*RECORDED DATA*:
----------------------------------------

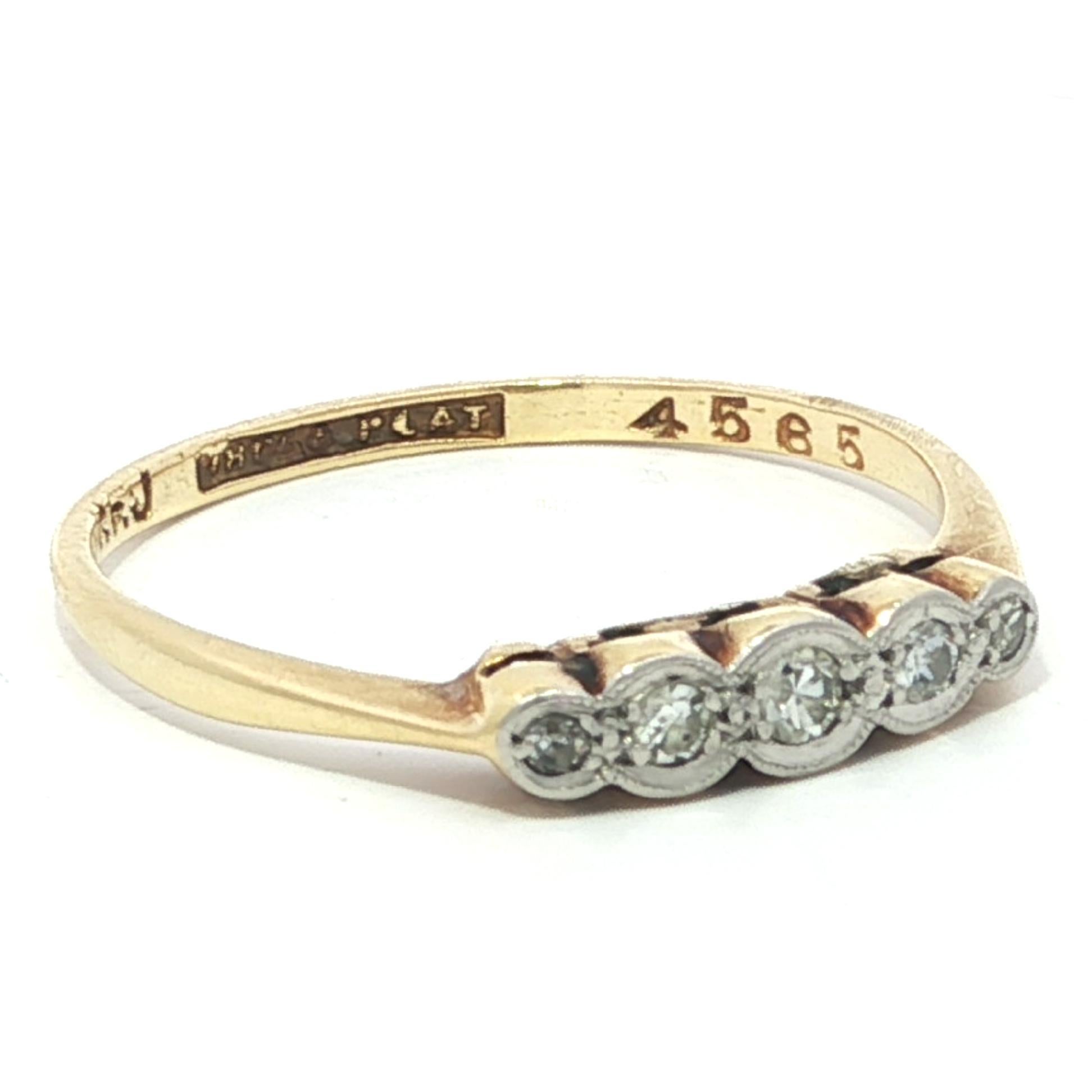 Anello antico edoardiano in oro 18k e platino con diamante smerlato a 5 pietre In condizioni buone in vendita a Montclair, NJ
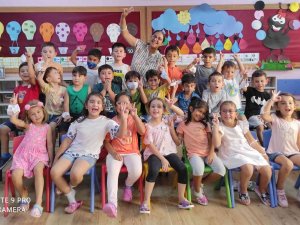 Üreten Bir Nesil Yetiştirmek İçin Dünya Öğretmenleri El Ele Verdi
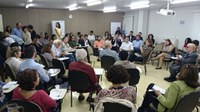 28.11.2014 - Acadêmicos discutem pesquisa em participação social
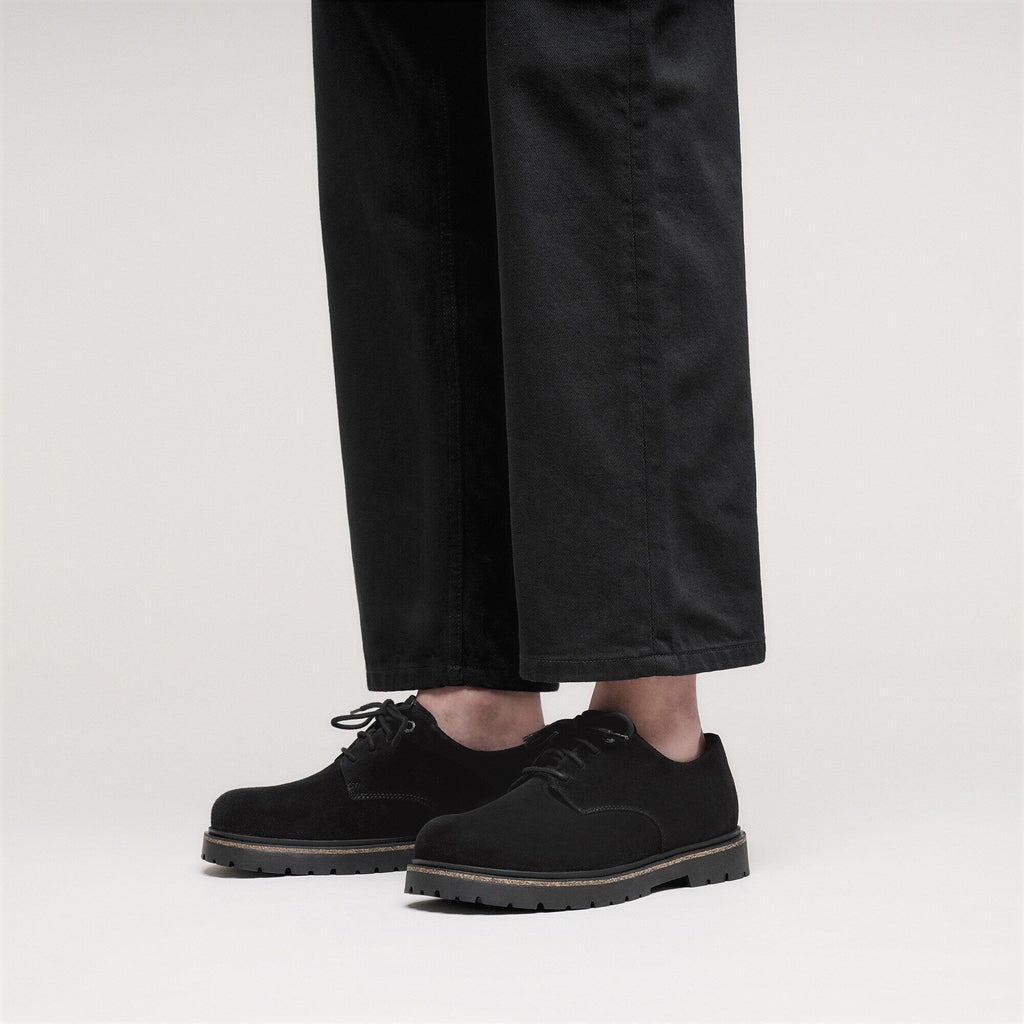 Highwood Lace Low Suede Leather Black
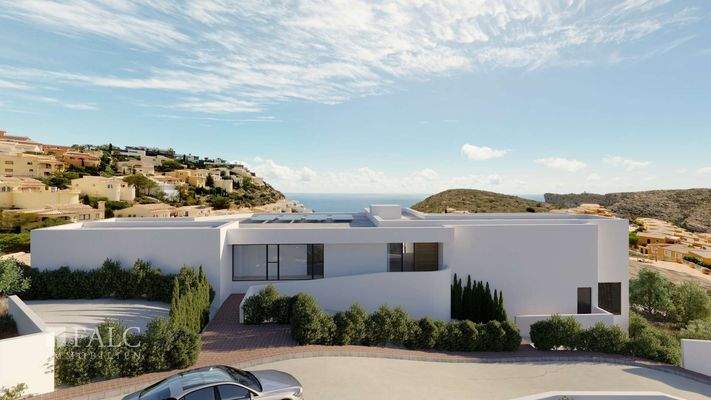 Außenansicht / Eingangsbereich Straße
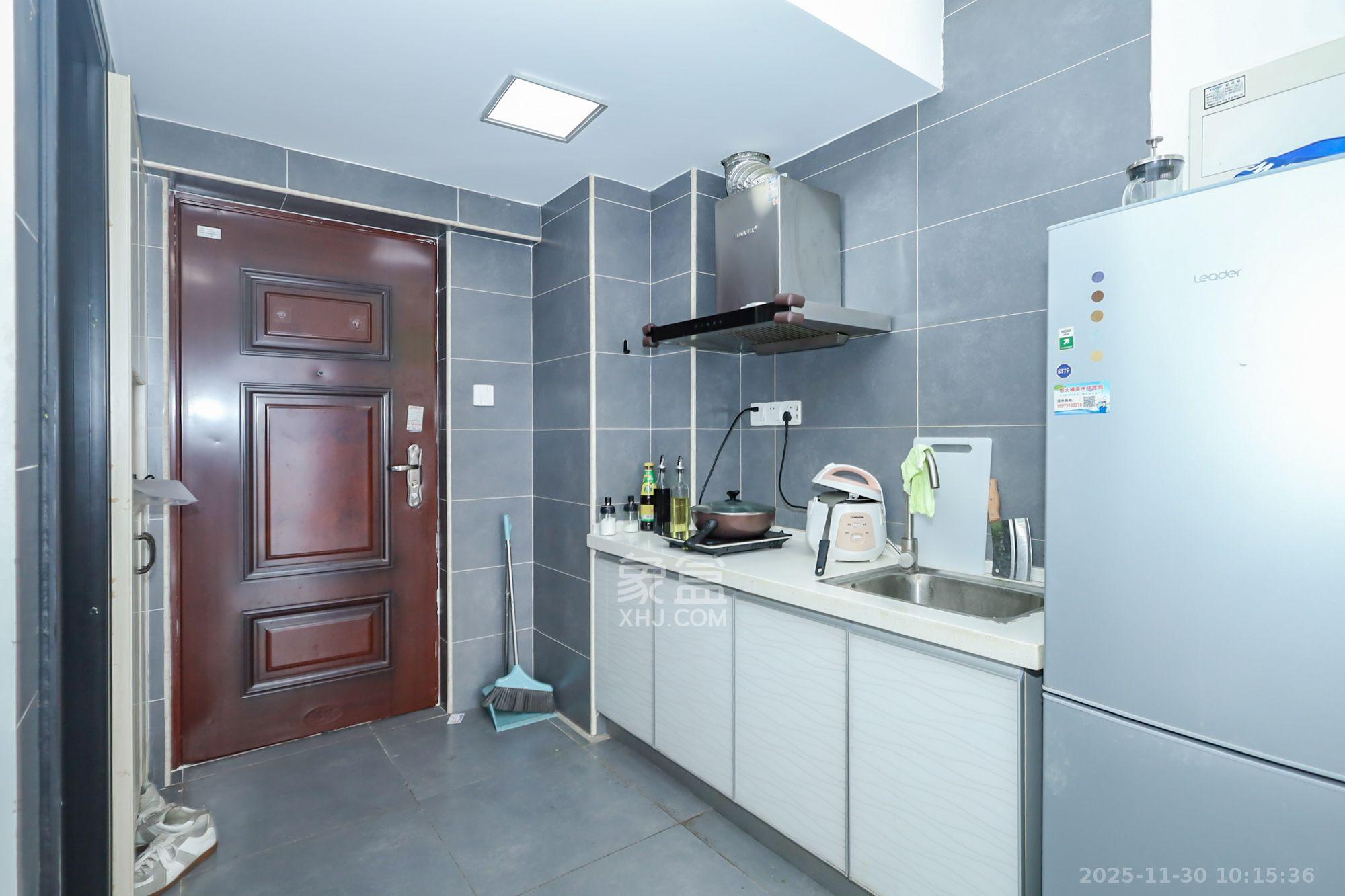 中交里城 1室1厅1卫 1300.0元/月 中交里城 1室1厅1卫 1300.0元/月室内图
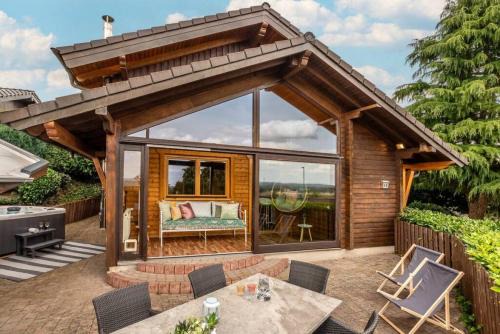 Gonnersdorf Ski Chalet | Panoramic Chalet Hot Tub, BBQ, view, terrace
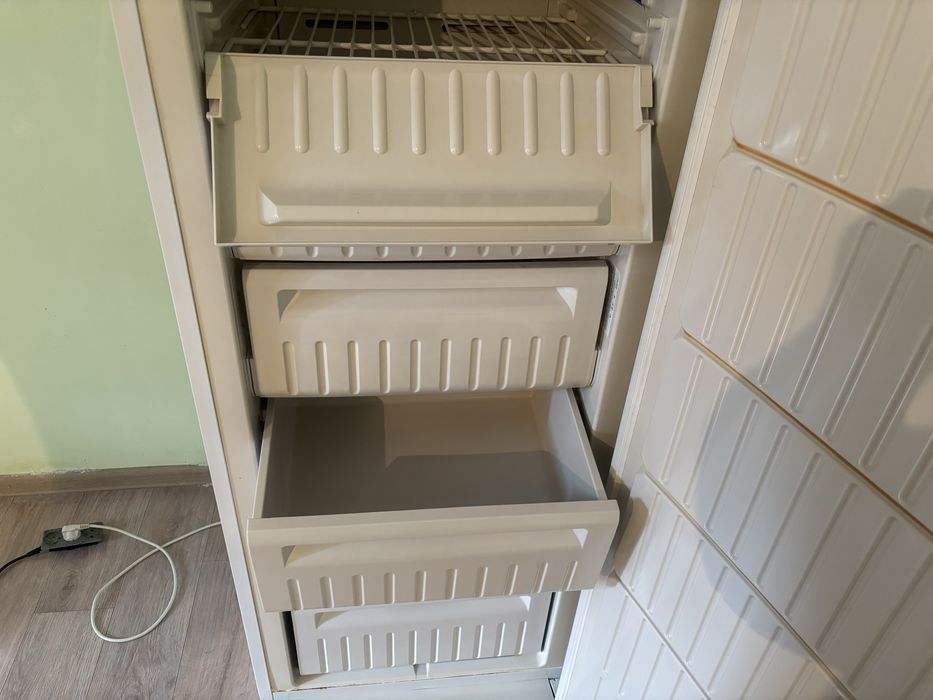 Продам морозильник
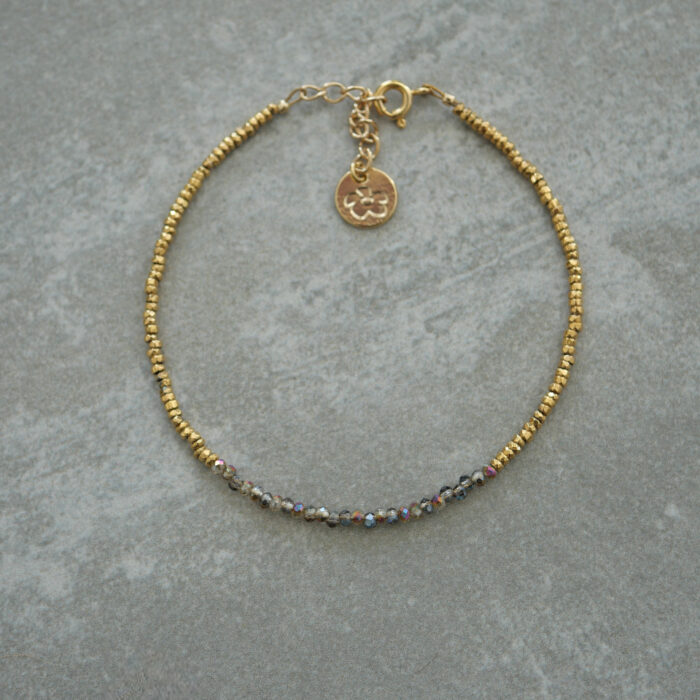 Bracelet en perles dorées et perles en cristal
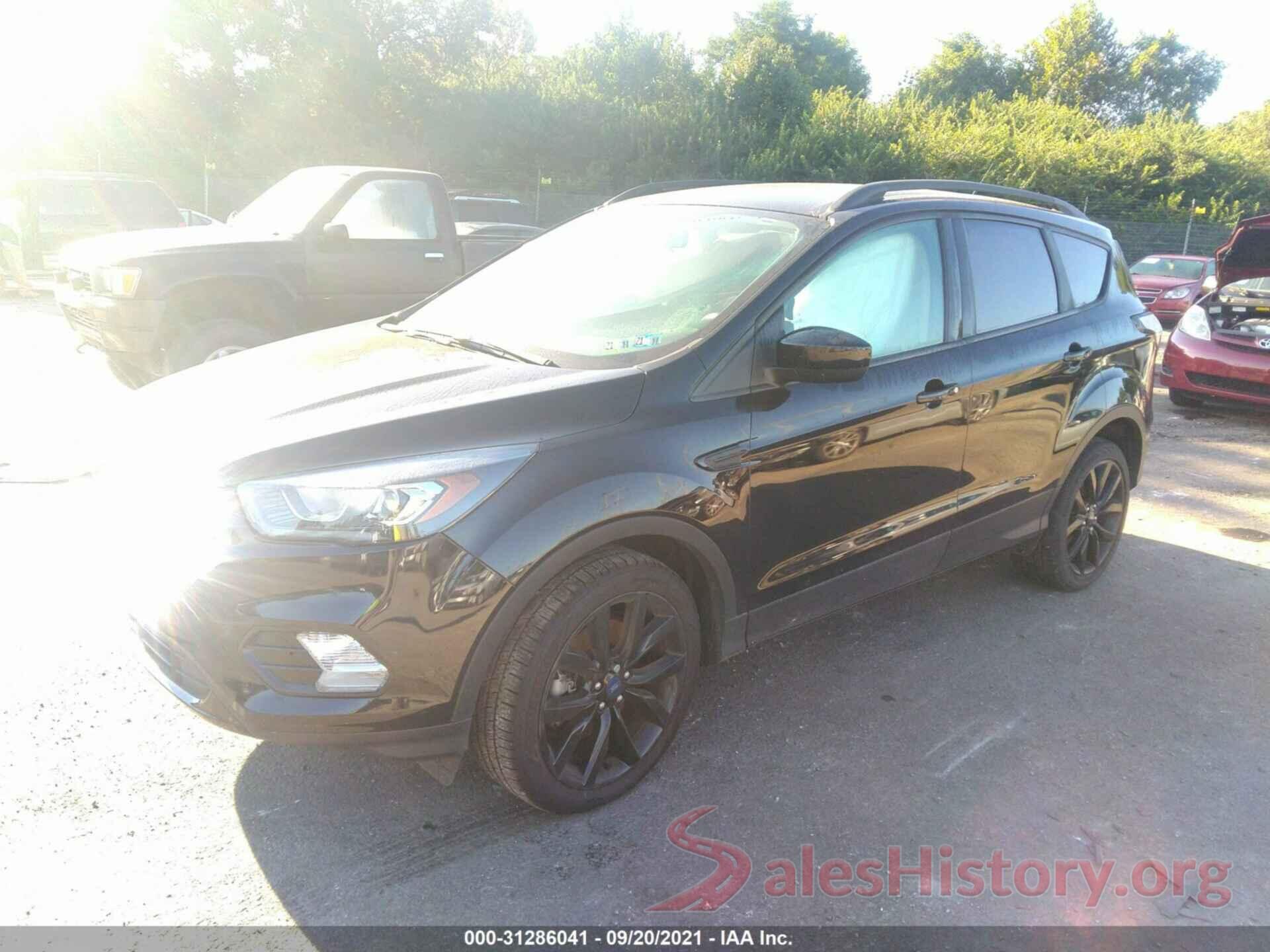 1FMCU9GD1JUA82972 2018 FORD ESCAPE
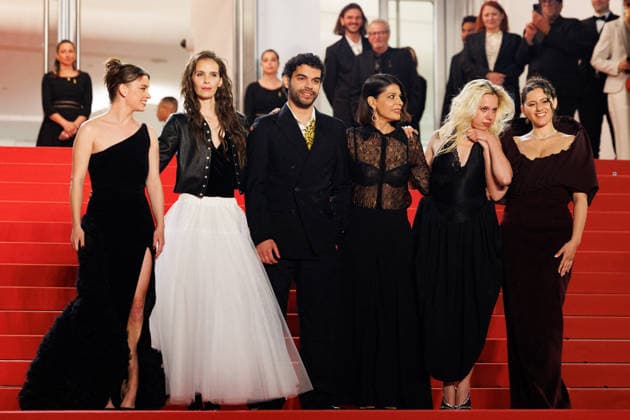 Carole Lambert, Marion Le Corroler, Sami Outalbali, Mara Taquinet, Kim Higelin Bijoux Tasaki , Sonia Faidi Montée des marches du film Sanguine lors du 79ème Festival International du Film de Cannes, le 14 mai 2026 Jacovides Moreau Bestimage Red carpet for Species at the 79th Cannes International Film Festival on May 14, 2026 Cannes France  Copyright: xJACOVIDES-MOREAUx xBESTIMAGExJACOVIDES-MOREAUx xBESTIMAGEx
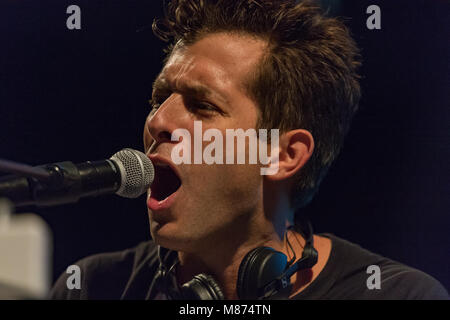 Mark Ronson spielen das Schloss Stadium an der siegreichen Festival 2016, Fareham, Hampshire Stockfoto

----------------------------------------

*TASK PROMPT*:
Your response should reproduce the entire listing verbatim, minus the pictures.

*RESPONSE BELOW*:
 Anello antico edoardiano in oro 18k e platino con diamante smerlato a 5 pietre In condizioni buone in vendita a Montclair, NJ
 Üreten Bir Nesil Yetiştirmek İçin Dünya Öğretmenleri El Ele Verdi
 28.11.2014 - Acadêmicos discutem pesquisa em participação social
 Highwood Lace Low Suede Leather Black
 Außenansicht / Eingangsbereich Straße
 中交里城 1室1厅1卫 1300.0元/月 中交里城 1室1厅1卫 1300.0元/月室内图
 Gonnersdorf Ski Chalet | Panoramic Chalet Hot Tub, BBQ, view, terrace
 Продам морозильник
 Bracelet en perles dorées et perles en cristal
 1FMCU9GD1JUA82972 2018 FORD ESCAPE
 Carole Lambert, Marion Le Corroler, Sami Outalbali, Mara Taquinet, Kim Higelin Bijoux Tasaki , Sonia Faidi Montée des marches du film Sanguine lors du 79ème Festival International du Film de Cannes, le 14 mai 2026 Jacovides Moreau Bestimage Red carpet for Species at the 79th Cannes International Film Festival on May 14, 2026 Cannes France  Copyright: xJACOVIDES-MOREAUx xBESTIMAGExJACOVIDES-MOREAUx xBESTIMAGEx
 Mark Ronson spielen das Schloss Stadium an der siegreichen Festival 2016, Fareham, Hampshire Stockfoto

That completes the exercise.